Chapter 1: The Case for MLOps

Typical data science work involves extensive data cleaning, exploration, and analysis. In some projects, you may need to run statistical analyses or create data visualizations to help policymakers understand the impact of an intervention or program. In others, you might experiment with different algorithms and hyperparameters to build the best-performing ML model for a given objective, such as predicting fraudulent transactions or developing a recommendation system.

However, productionizing ML models is a different challenge altogether. ML training scripts must be developed, tested, and packaged into an automated pipeline. Data, models, and code all need to be versioned carefully to ensure traceability. Infrastructure must be set up and secured properly to run the model and store the data. All of this ensures your code and models are reliable, secure, and resilient.

Given the significant differences between these tasks, it's no surprise that even experienced data scientists often struggle with productionising ML models. We explore these differences in detail below through three key areas:

Capabilities: The skills required go beyond what data scientists typically need.
Tools: The tools used for production are quite different from those familiar to data scientists.
Processes: Deploying into production involves strict, rigorous processes that can feel at odds with the flexibility and experimentation that data science work often requires.

1.1. Tools & Skills Required Are Different

The core expertise of data scientists lies in understanding ML algorithms, statistical methods, and data visualization principles. When it comes to coding, data scientists typically focus on processing data and training ML models. However, productionising ML models requires foundational knowledge in DevOps & software engineering. This includes writing robust code, creating tests, managing version control, and handling dependencies.

Consider Python as an example. For most data scientists, installing Python is straightforward: download and install Anaconda, run conda install jupyterlab, and write Python code within the Jupyter Lab environment. If extra libraries are needed, they can be easily installed through Anaconda.

However, deploying ML models introduces additional complexities. Some key challenges include:

Managing Python version & library dependencies: ML scripts often rely on libraries like scikit-learn or pandas, each with its own versioning. These dependencies need to be packaged alongside the ML script to ensure it runs properly in production.
Deploying as an API: The most common method for deploying ML models today is as an API. This requires a basic understanding of APIs, web applications, and networking.
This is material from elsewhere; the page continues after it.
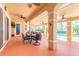 Inviting covered patio with ceiling fans, perfect for outdoor dining and relaxation overlooking the pool at 20 Promenade At Lionspaw, Daytona Beach, FL 32124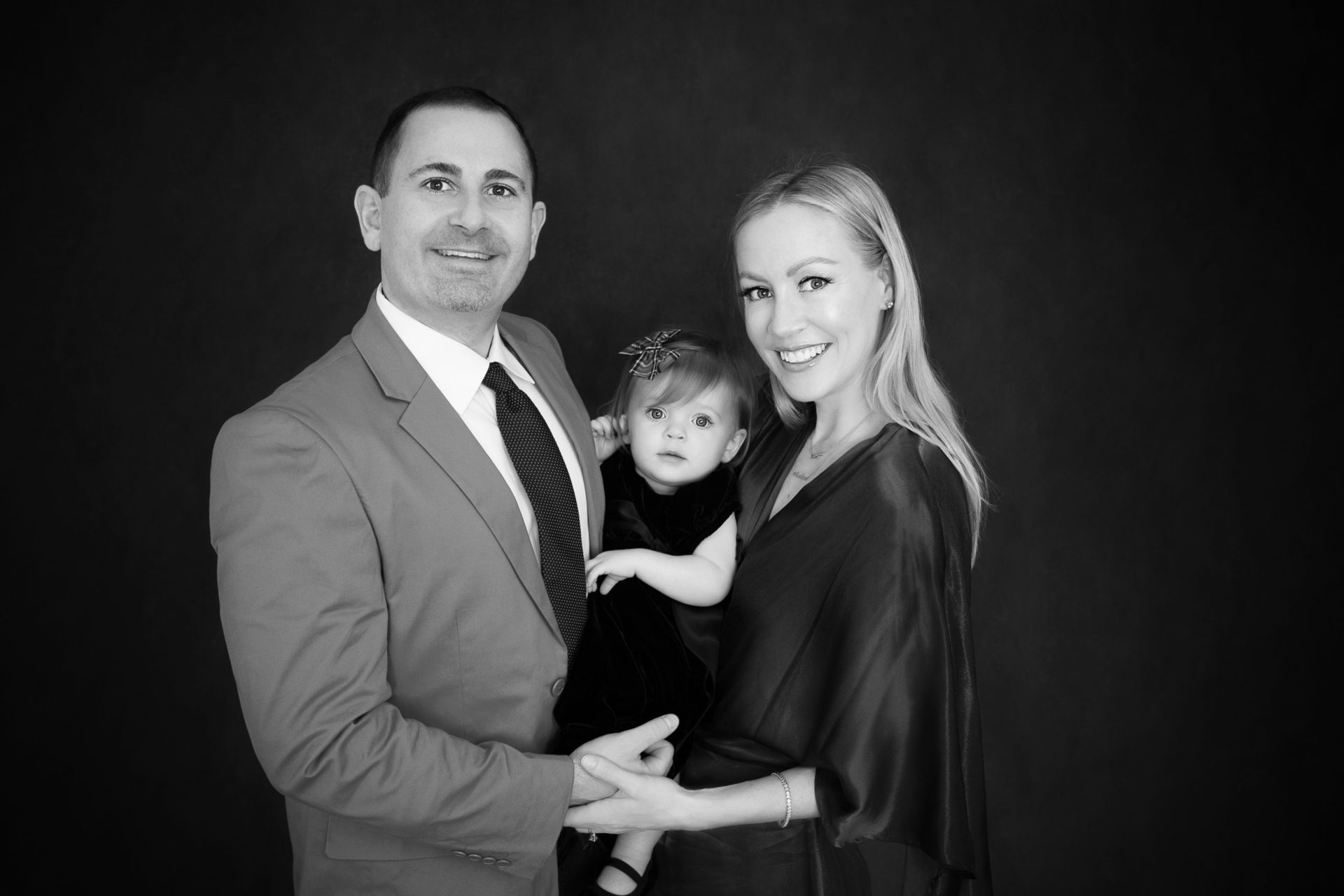 Family black and white photo shows father, mother and one year old daughter posing indoors. Father wear a tie, mom and daughter in dresses.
For most data scientists, Jupyter notebooks are the main tool for data preparation, exploratory data analysis, data visualisation, and training ML models. While Jupyter notebooks are convenient for these purposes, they are not that well-suited for production deployments. Here are a few reasons:

Inconsistent code execution: Have you ever encountered situations where your code doesn't run correctly after you restart your Jupyter notebook? That may be because you didn't run your code in the same order or you made ad-hoc changes which you didn't save. Jupyter notebooks allow such situations to happen, which can make it hard for others to replicate your steps correctly.
Lack of proper version control: Collaborating with other data scientists can be quite hard on Jupyter notebooks, especially if you make changes to the same parts of the notebook. As a result, you may have multiple notebooks titled notebook_v1_editedbyA.ipynb or notebook_v1_editedbyA_byB.ipynb. While this may be alright when rushing for a presentation, it's very unreliable when you are planning to deploy a ML model for a system that has to work 24/7.
Not scalable or executable as a script: Jupyter notebooks can only be run within the Jupyter Lab interface, which is a problem because most production systems execute scripts from the command line. Moreover, the Jupyter Lab interface itself uses some computational power, so the code doesn't run as efficiently as it could.
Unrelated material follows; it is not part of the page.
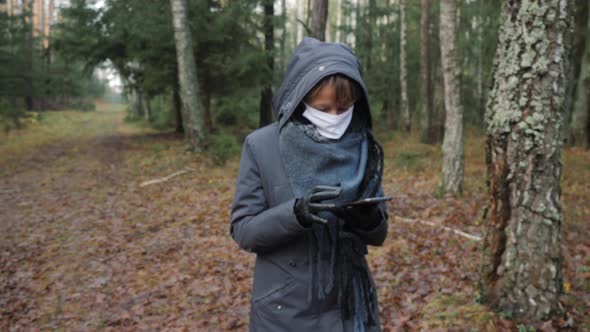 A Girl with a Face Mask Uses a Smartphone Alone in the Woods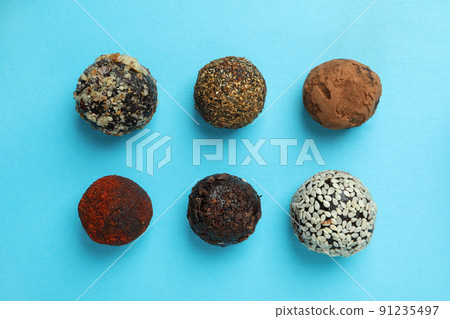 Flat lay composition with truffles on blue background 91235497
1.2. Deployment processes are different

IT systems are treated very carefully in many agencies, and with very good reason. These systems support mission-critical business functions, be it grant applications, student e-learning, or port operations. They also hold sensitive data, especially income declarations or health records. If any of these systems go down, it would severely affect the agency's ability to do its job.

As such, agencies follow strict processes when new code changes are being introduced to IT systems, with numerous safeguards and checks in place to ensure that these changes do not cause problems or introduce vulnerabilities. This can add significant friction to the entire process, causing simple changes to take days or weeks to be implemented.

Most importantly, this often comes at odds with how data science work is done. Having access to production data and being able to update ML models frequently are both necessary for data scientists to build the best-performing ML models, but these are extremely difficult under a risk-averse approach to managing IT systems.

1.3. Remarks

We hope this has kept your interest high. In the next chapter, we’ll explore the different MLOps maturity levels and help you identify the key areas to focus on based on your agency’s starting point. Building MLOps capabilities is a journey that takes time, but with steady progress, you’ll gain valuable insights into effectively deploying ML in the public sector.